======== RECORD SET

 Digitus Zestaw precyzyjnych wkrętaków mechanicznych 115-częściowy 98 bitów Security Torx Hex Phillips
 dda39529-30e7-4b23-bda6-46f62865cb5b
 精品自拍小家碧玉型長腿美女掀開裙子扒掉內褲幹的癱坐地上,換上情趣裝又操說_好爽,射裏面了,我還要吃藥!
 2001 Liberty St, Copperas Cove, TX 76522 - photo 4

================
======== RECORD SET

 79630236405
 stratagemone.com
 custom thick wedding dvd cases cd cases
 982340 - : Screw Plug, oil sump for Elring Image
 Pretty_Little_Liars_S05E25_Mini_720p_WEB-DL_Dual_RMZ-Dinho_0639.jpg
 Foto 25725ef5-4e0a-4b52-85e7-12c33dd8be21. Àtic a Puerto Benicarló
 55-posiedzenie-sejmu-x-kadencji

================

TASK TO CARRY OUT: From the records above, extract exactly and only the lines that begin at the line with "Digitus Zestaw precyzyjnych" and stop after the line with "2001 Liberty St, Copperas".

COMPLETED EXERCISE:
 Digitus Zestaw precyzyjnych wkrętaków mechanicznych 115-częściowy 98 bitów Security Torx Hex Phillips
 dda39529-30e7-4b23-bda6-46f62865cb5b
 精品自拍小家碧玉型長腿美女掀開裙子扒掉內褲幹的癱坐地上,換上情趣裝又操說_好爽,射裏面了,我還要吃藥!
 2001 Liberty St, Copperas Cove, TX 76522 - photo 4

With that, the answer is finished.